Top of Exercise data

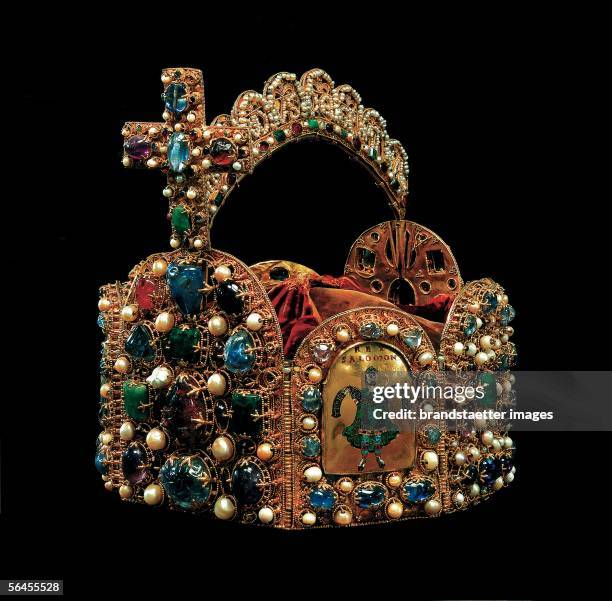 Corona Radiata Rome Imperial Crown Of The Holy Roman Empire Photos and Premium High Res ...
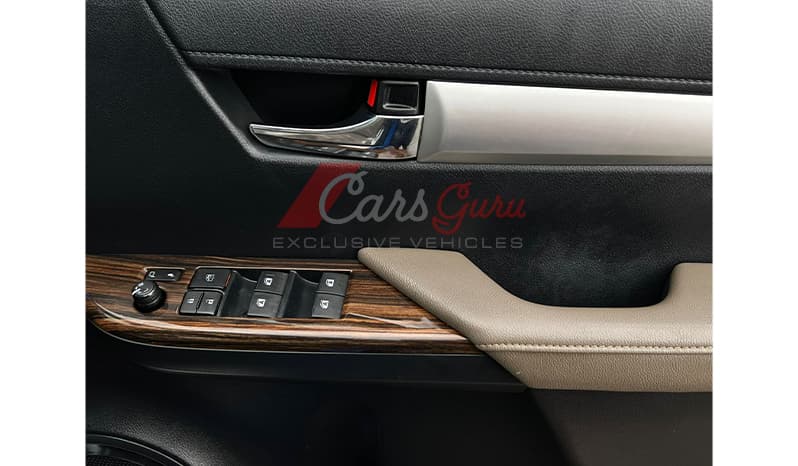 2016 Toyota Hilux G image-8
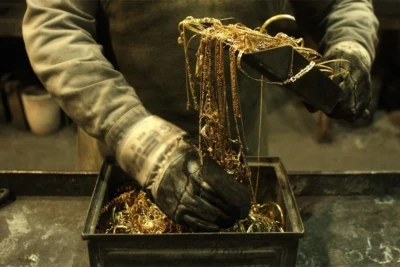 Atasının evindən 12 min manatlıq qızıl oğurlayan oğul tutuldu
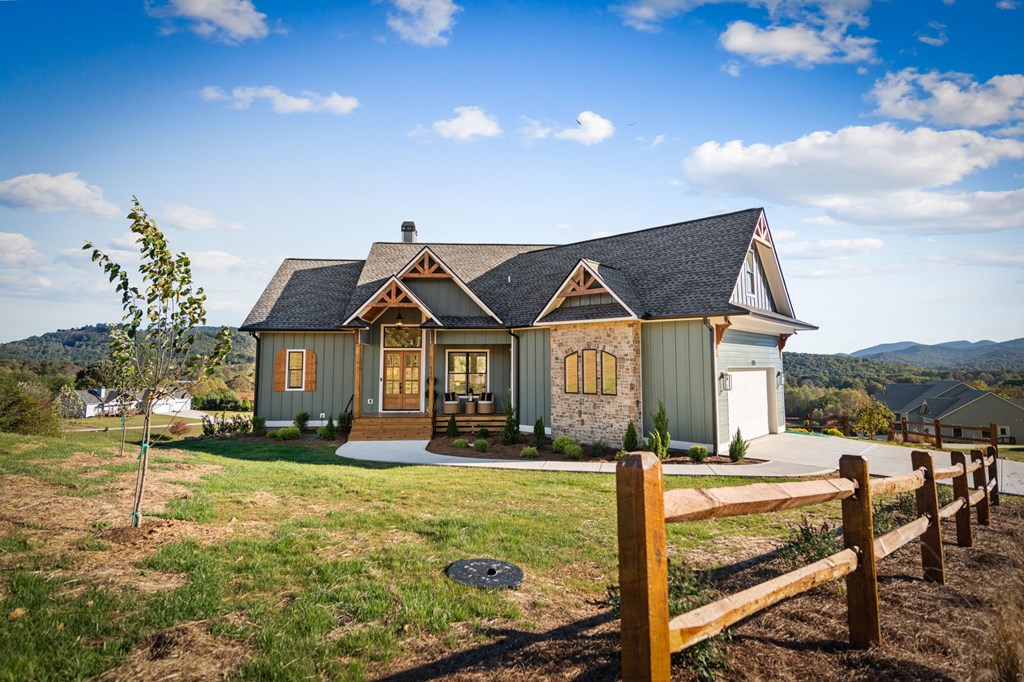 425391 Young Harris Residential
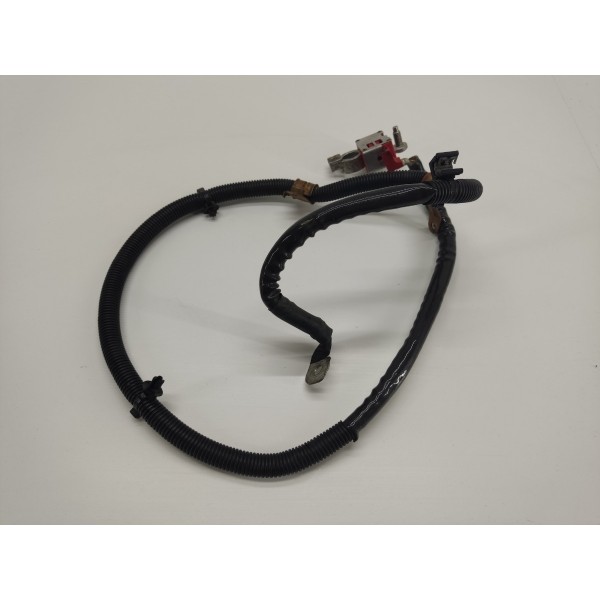 Cabo Polo Positivo Bateria Mercedes Cla 45 Amg 2016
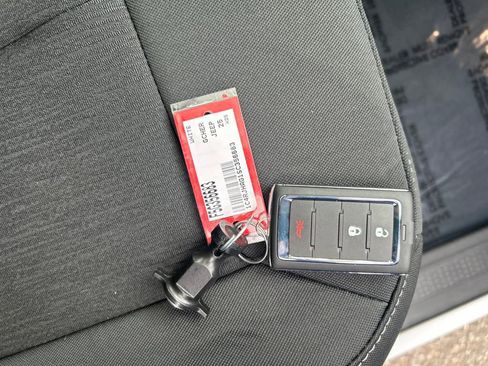 New 2025 Jeep Grand Cherokee Laredo w/ Trailer Tow Package image 26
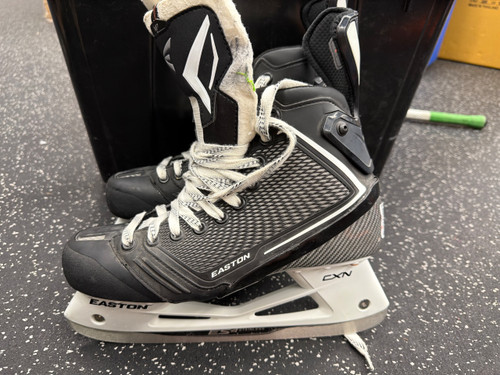 Vist Large View of Product Image Which is Used Easton MAKO M7 Senior Hockey Skate Senior 10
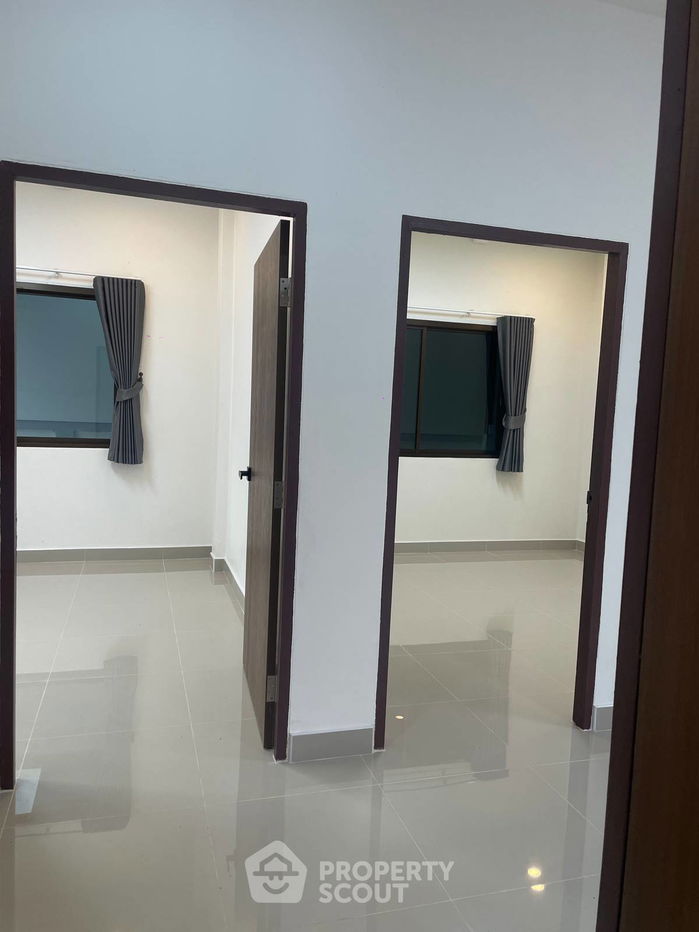 picture 3-BR House close to Pattaya (ID 2513743) - 14/25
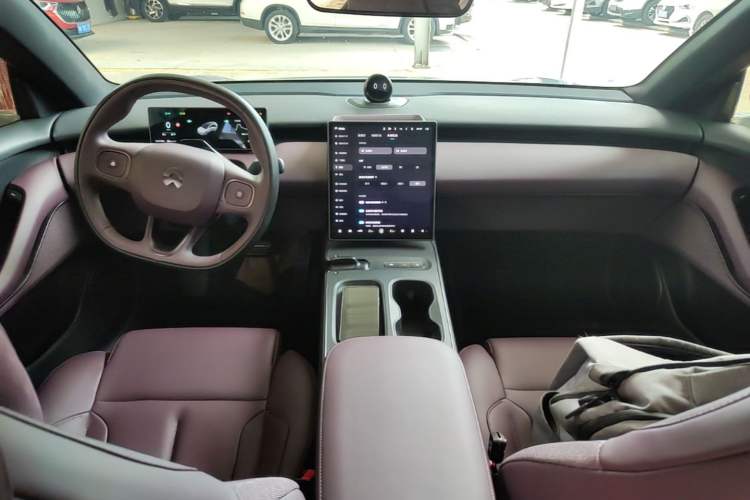 Used Nio ET5T 2024 75kWh Touring Center Console
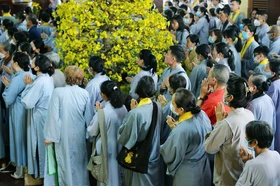 Phật tử đến chùa lễ Phật đầu năm - Ảnh: Trần Thế Phong/Báo Giác Ngộ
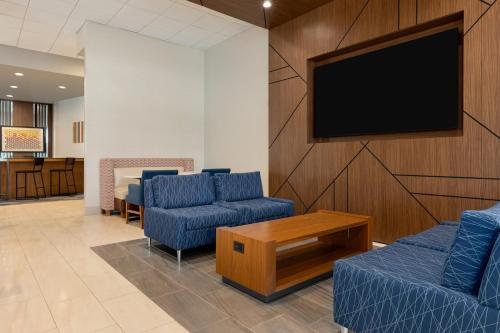 holiday inn express and suites dalton walnut ave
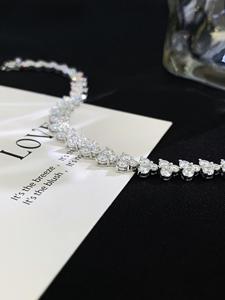 Bracelet chaîne tennis en or 18 carats avec diamants de laboratoire en forme de cœur - Product Image 2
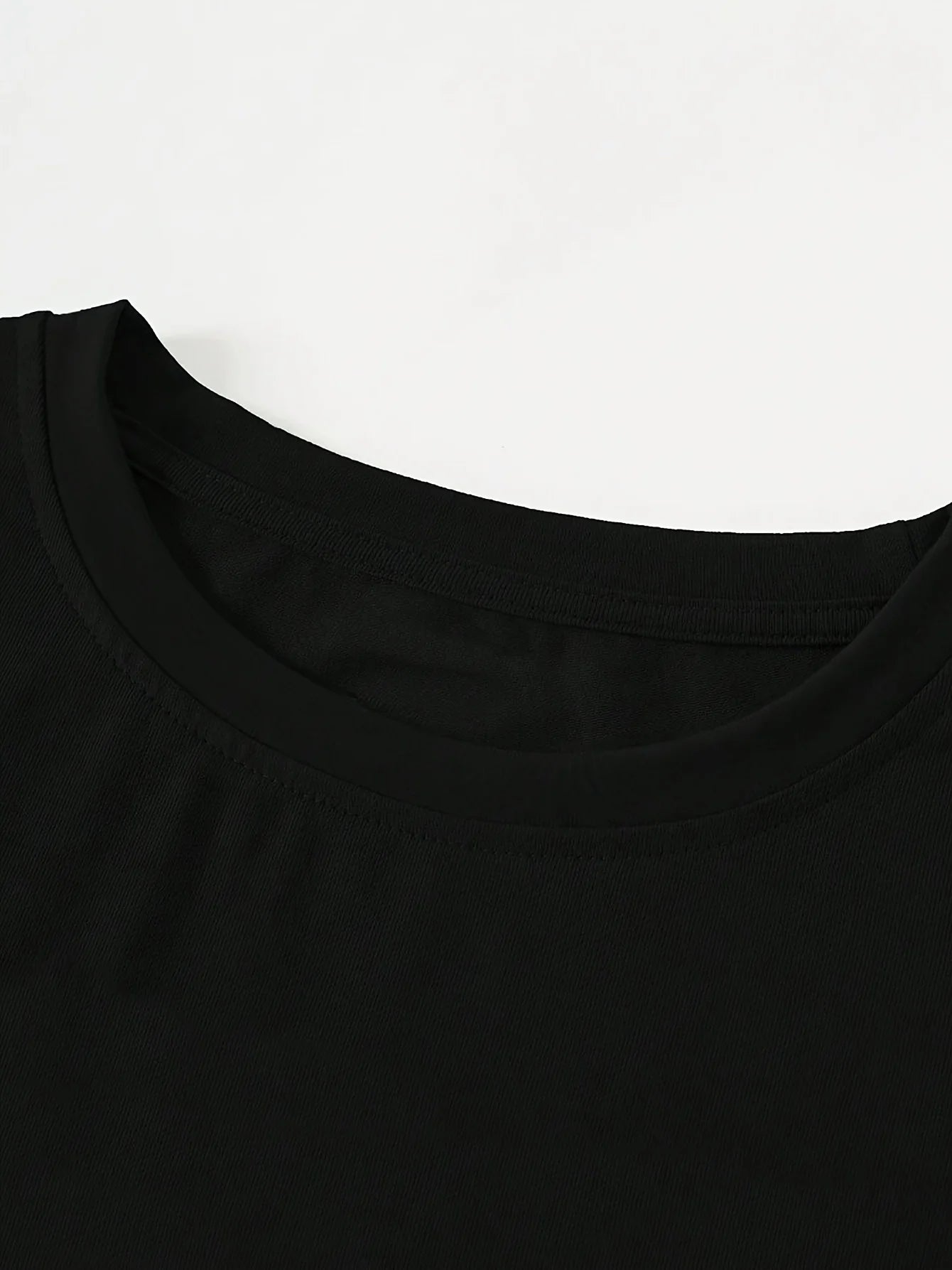 Women's Typography Graphic Crop T-Shirt for Casual Streetwear Everyday Modern Fashion Style
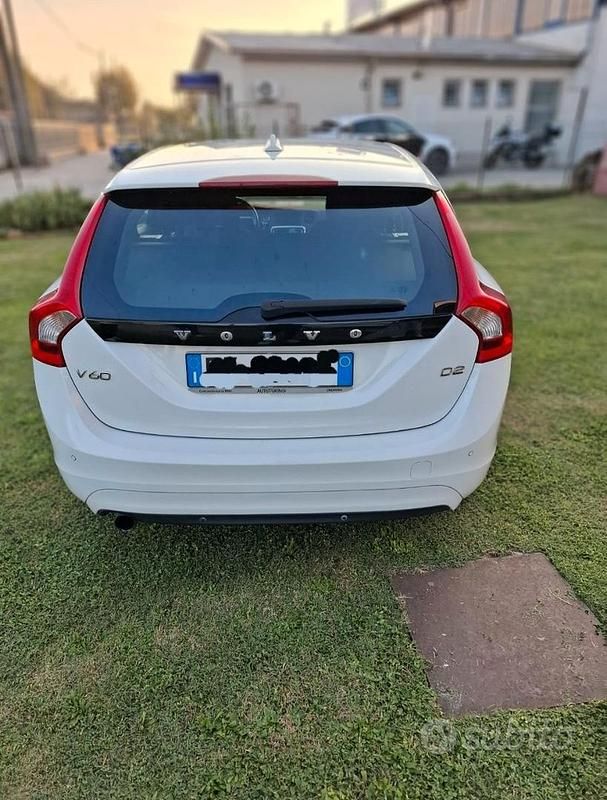 Usata Volvo V60 2015 Bianco Station wagon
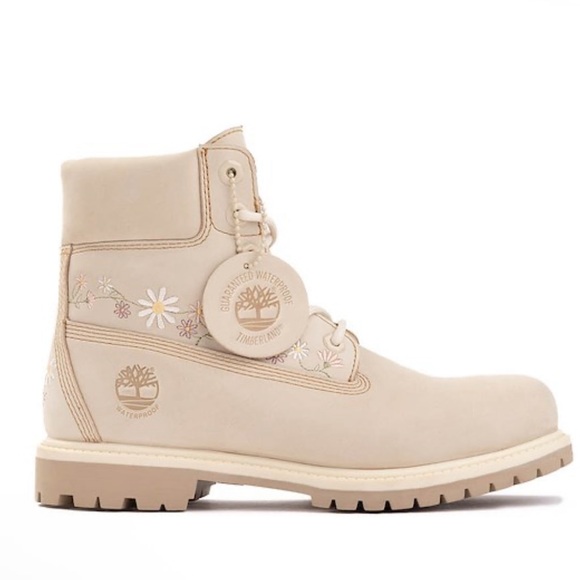 Timberland Shoes - 🌷 Timberland 6” Premium Boots Floral Angora 👢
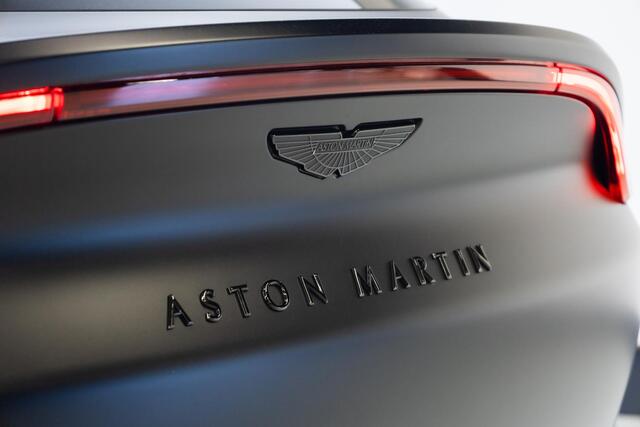 Aston Martin DBX 4.0 V8 | Panoramadak | 360° Camera | Stoelventilatie |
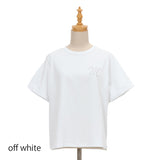 Mロゴブローチ風Tシャツ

Bottom of Exercise data

Try it: Skipping any pictures, copy the entries exactly as they appear.

Exercise output:
 Corona Radiata Rome Imperial Crown Of The Holy Roman Empire Photos and Premium High Res ...
 2016 Toyota Hilux G image-8
 Atasının evindən 12 min manatlıq qızıl oğurlayan oğul tutuldu
 425391 Young Harris Residential
 Cabo Polo Positivo Bateria Mercedes Cla 45 Amg 2016
 New 2025 Jeep Grand Cherokee Laredo w/ Trailer Tow Package image 26
 Vist Large View of Product Image Which is Used Easton MAKO M7 Senior Hockey Skate Senior 10
 picture 3-BR House close to Pattaya (ID 2513743) - 14/25
 Used Nio ET5T 2024 75kWh Touring Center Console
 Phật tử đến chùa lễ Phật đầu năm - Ảnh: Trần Thế Phong/Báo Giác Ngộ
 holiday inn express and suites dalton walnut ave
 Bracelet chaîne tennis en or 18 carats avec diamants de laboratoire en forme de cœur - Product Image 2
 Women's Typography Graphic Crop T-Shirt for Casual Streetwear Everyday Modern Fashion Style
 Usata Volvo V60 2015 Bianco Station wagon
 Timberland Shoes - 🌷 Timberland 6” Premium Boots Floral Angora 👢
 Aston Martin DBX 4.0 V8 | Panoramadak | 360° Camera | Stoelventilatie |
 Mロゴブローチ風Tシャツ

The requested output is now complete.